まだ先は長い。ザンナ様の助言に従い、すべてを棚上げしている。
ゴルダシスを相手に犠牲なく勝てるか、どう戦えばいいか、さっぱりわからない。
清之助くんじゃあるまいし、わかるわけない。考えないふりをしている。
モニターに映る藍色髪の巨人は、投げつけたマグロもたいまつ台で焼いていた。
ボクは気が抜けていたせいか、金魚を見て目を輝かせていた蒼髪の女の子をうっかり思い出してしまい、布団にもぐってにじんだ涙をおさえる。
リフィヌとザンナの過去を知る内に、騎士団に裏切られた少女剣士の背負う重圧も実感しはじめていた。

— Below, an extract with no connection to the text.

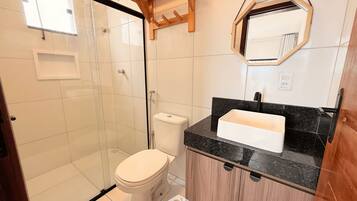 Un baño con ducha, inodoro, lavabo y un estante de madera.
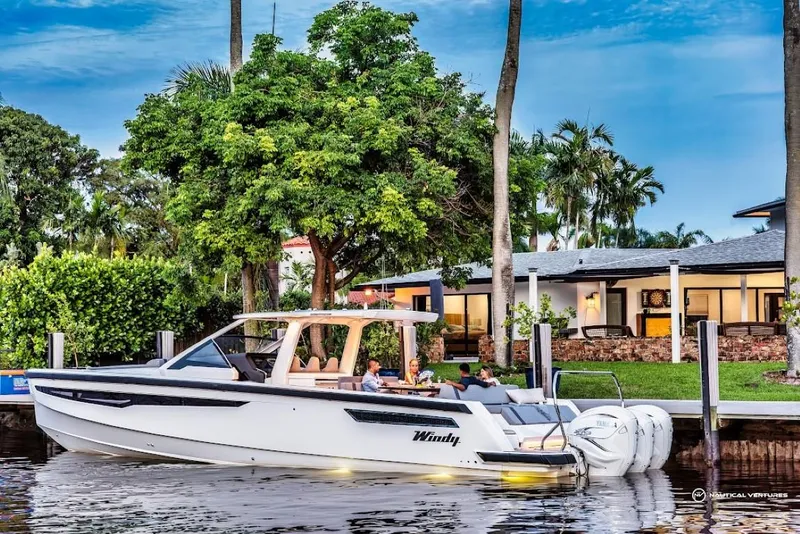 Slide: The Image of 2022 Windy SR44 SX boat docked near a waterfront home. - 11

布団を顔に押しつけると、今度は変態メガネ君のブランド香水の匂いがかすかに漂った。
やつこそ同い年でもすでに大人に混じって国際的な舞台で政治経済のガチなやりあいをしてきた猛者なのに、異世界に渡るしかないほどの事情があったらしい。
ここでボクが巨人将軍と戦ってなんになる?
出発前には『ユキタン同盟のみんなのため』とかほざいたか?
でも追い詰められてみたら『自分が進んでみたい』だけだった。
なんのために、みんなに命を賭けさせている?
この競技を続ければ、世界をなにか少しでも変えられるとでも思っているのか?
本当は怖い。
ここはまだ『底』じゃないけど、底の見えない崖に囲まれている。
また体の内側から寒さが染み出してくる。
ザンナが一緒に顔まで潜り、ボクの震えていた手を握ってきた。
「ただのヒマつぶしだ」
耳元へ口を近づけて、小さく優しくささやく。
「それでいいじゃねえか。アタシはそれでいい」
細い手でギュウと強く握ってくる。
「君はボクに棄権を勧めていたじゃないか」
答えながら顔を向けると、布団の闇の中、鼻も触れそうな距離にザンナの息を感じた。
「ウソに決まってんだろ。男はやめろと言うほどその気になる。せっかく第三区間に乗り出したんだ。オマエらけしかけて一攫千金を狙う以外になにがある?」
「……それもウソじゃないの?」
何秒か、沈黙が続いた。
「さあな。オマエに都合のいいほうで考えちまえよ。凍える闇夜を楽しむには、優しいウソが必要なんだ」
手をゆるめ、指先だけでゆっくりと手を撫でまわす。
「勇者なら、もっと悪人になれ」
内側から来る寒さが薄らいでいた。
というか魔女の甘い香りで、体の一部が少々まずいことになりかけていた。
そして別隣で接する神官様の体温もガンガン上がっていることに気がつく。
「リフィヌさんもよければ御一緒にいかがで……」
返答の代わりに、まずい部位へ危険な温度のヤカンを押しつけるプレイが開始された。